» Task to complete
Would you retype exactly the lines below, starting with the one that has "Easwarante Pamparam (From" and going on through the one that has "new 2025 Subaru", with no pictures and nothing else?

» Data
################

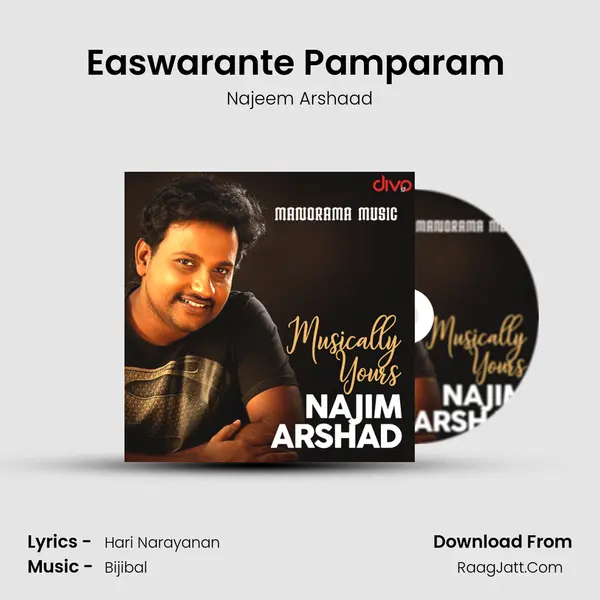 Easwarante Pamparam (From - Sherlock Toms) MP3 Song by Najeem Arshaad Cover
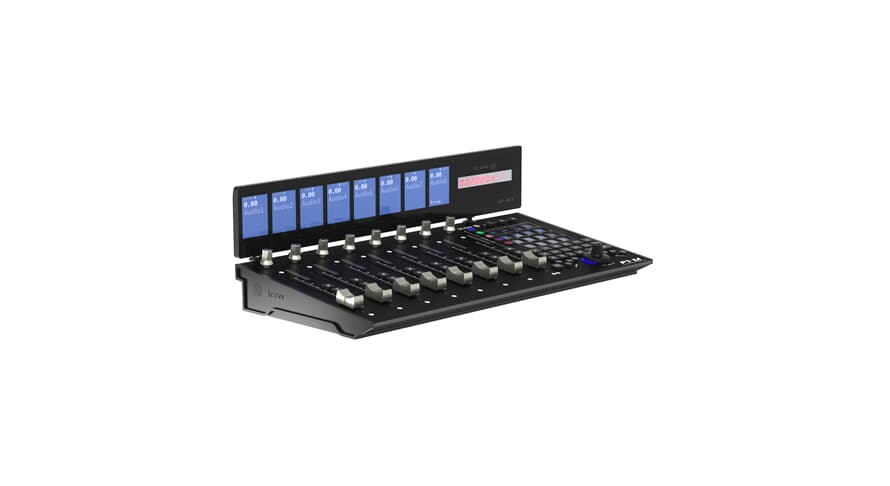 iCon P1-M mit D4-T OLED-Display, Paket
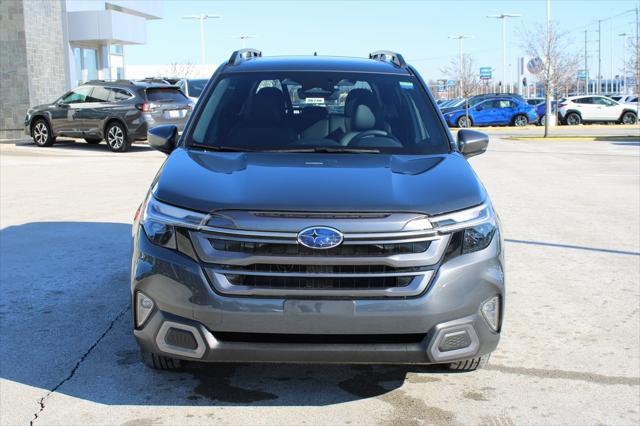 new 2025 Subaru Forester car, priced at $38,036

################

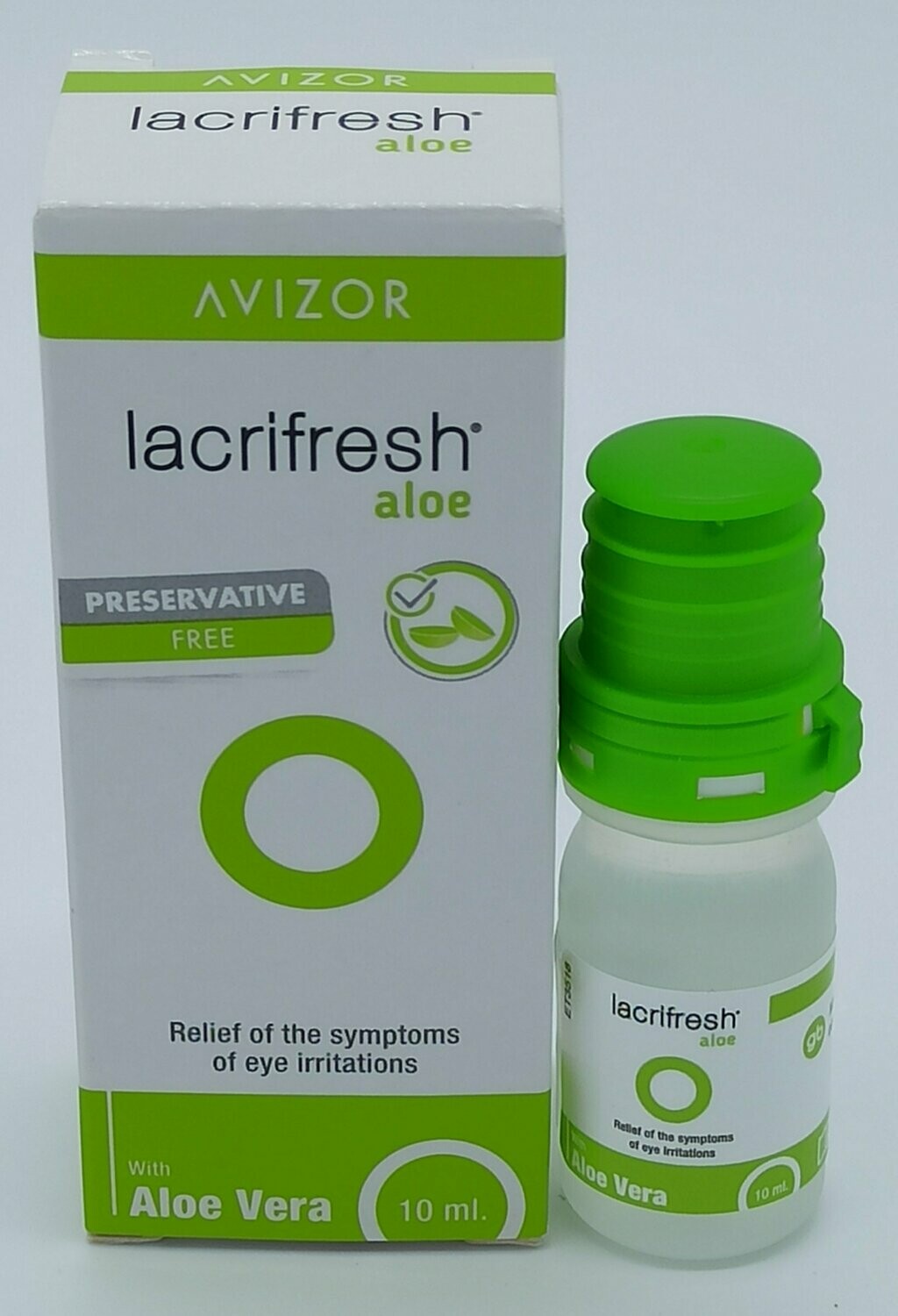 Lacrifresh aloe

################

» Worked solution
 Easwarante Pamparam (From - Sherlock Toms) MP3 Song by Najeem Arshaad Cover
 iCon P1-M mit D4-T OLED-Display, Paket
 new 2025 Subaru Forester car, priced at $38,036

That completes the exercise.